Combination can be done by using simple voting via mode calculation (the most common predicted value accross several predictors will be chosen as final value).

```{r echo=F, warning=F}

calcmode <- function(v) {
   uniqv <- unique(v)
   uniqv[which.max(tabulate(match(v, uniqv)))]
}

predictMode <- function(models,newdata,level_labels){
  predictions <- matrix(ncol=length(models),nrow=nrow(newdata))
  
  results <- c()
  
  for(i in 1:length(models)) {
    currentMethod <-models[[i]]
    prediction <- predict(currentMethod,newdata=newdata)
    predictions[,i] <- prediction
  }
  
  for(i in 1:nrow(newdata)) {
    results<-c(results,calcmode(predictions[i,]))
  }
  return(factor(results,labels=level_labels))
}

inSampleCombinedPrediction <- predictMode(trained,pcaPredictedTraining,levels(pcaPredictedTraining$classe))
confM <- confusionMatrix(pcaPredictedTraining$classe,inSampleCombinedPrediction)
inSampleAcc <- confM$overall[["Accuracy"]]
outOfSampleCombinedPrediction <- predictMode(trained,pcaPredictedTesting,levels(pcaPredictedTesting$classe))
confM <- confusionMatrix(pcaPredictedTesting$classe,outOfSampleCombinedPrediction)
outOfSampleAcc <- confM$overall[["Accuracy"]]

combinedErrorRates <- data.frame(method = 'all combined',in_sample_accuracy=inSampleAcc,out_of_sample_accuracy=outOfSampleAcc)

#errorRates <- rbind(errorRates,combinedErrorRates)

trained.best <- trained[!(names(trained) %in% c('rpart','lda','"nb'))]

inSampleCombinedPrediction <- predictMode(trained.best,pcaPredictedTraining,levels(pcaPredictedTraining$classe))
confM <- confusionMatrix(pcaPredictedTraining$classe,inSampleCombinedPrediction)
inSampleAcc <- confM$overall[["Accuracy"]]
outOfSampleCombinedPrediction <- predictMode(trained.best,pcaPredictedTesting,levels(pcaPredictedTesting$classe))
confM <- confusionMatrix(pcaPredictedTesting$classe,outOfSampleCombinedPrediction)
outOfSampleAcc <- confM$overall[["Accuracy"]]

combinedErrorRates2 <- data.frame(method = 'rf,gbm,svm,nnet combined',in_sample_accuracy=inSampleAcc,out_of_sample_accuracy=outOfSampleAcc)

rbind(combinedErrorRates,combinedErrorRates2)

#errorRates <- rbind(errorRates,combinedErrorRates)
#errorRates
```

## 5. Final model choice

It it reasonable to choose the "rf,gbm,svm,nnet combined model" as it seems to be protected from overfitting by balancing.
This predictor is accurate enough in the same time with out of sample accuracy **`r outOfSampleAcc`**.

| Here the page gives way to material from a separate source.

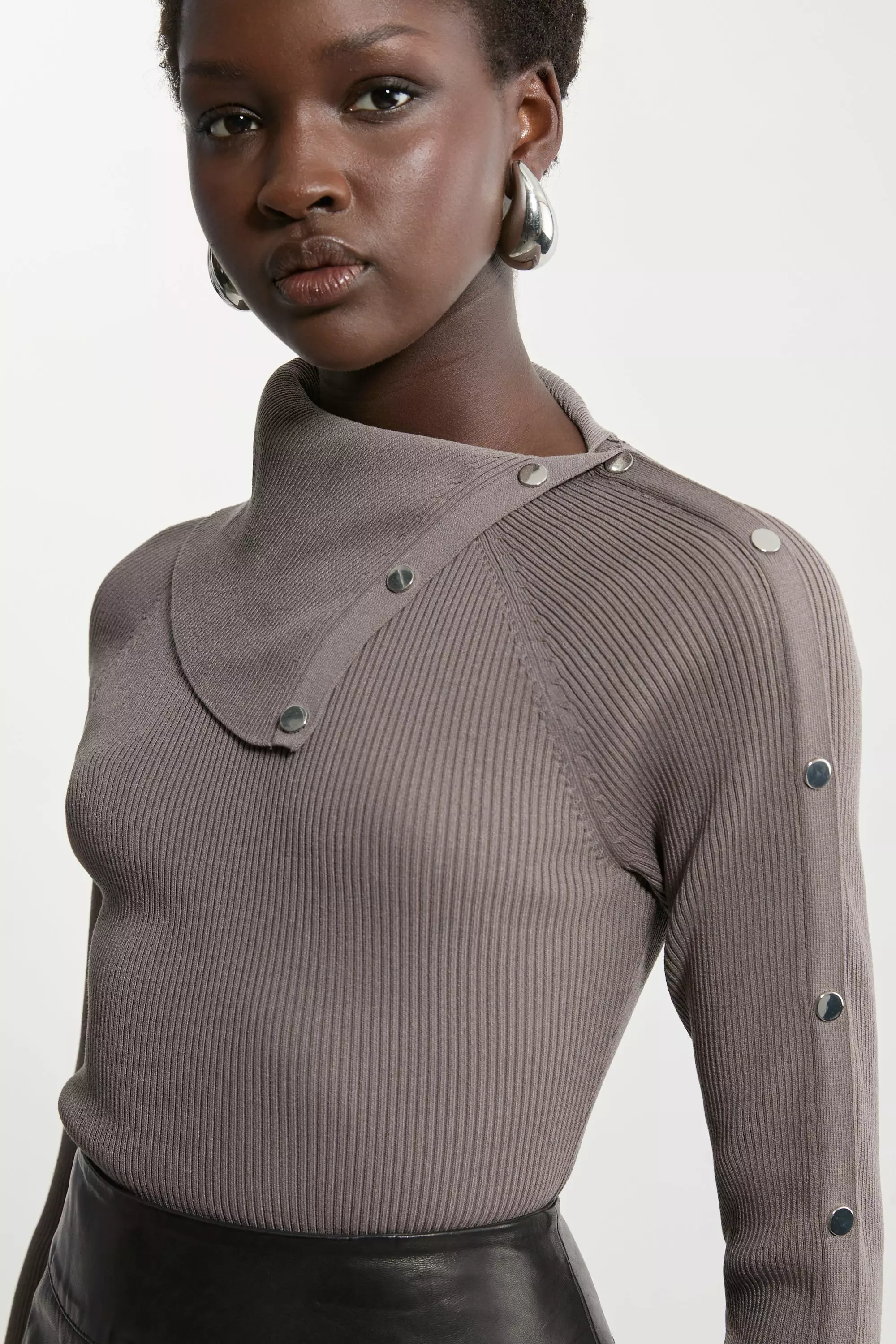 Mushroom Viscose Blend Rib Knit Envelope Neck Top alternative image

#### Final quiz prediciton.

```{r echo=F,results='hide', warning=F}
#assessing final quiz questions

barbell_lifts_quiz  <- read.csv('pml-testing.csv')

for (posPredName in possPredictorNames){
  if(class(barbell_lifts_quiz[[posPredName]]) == 'factor') {
    barbell_lifts_quiz[[posPredName]] <- as.numeric(as.character(barbell_lifts_quiz[[posPredName]])) #converting factor to cumeric via character
  }
}

pcaPredictedQuiz <- predict(pcaPreProc,barbell_lifts_quiz)
quizPrediction <- predictMode(trained.best,pcaPredictedQuiz,levels(pcaPredictedTesting$classe))

```

I've got **"17/20 points earned (85%)"** for the final quiz with the chosen model.

Accuracy rate of 85% is explainable as it is little bit less then out-of-sample accuracy expectation.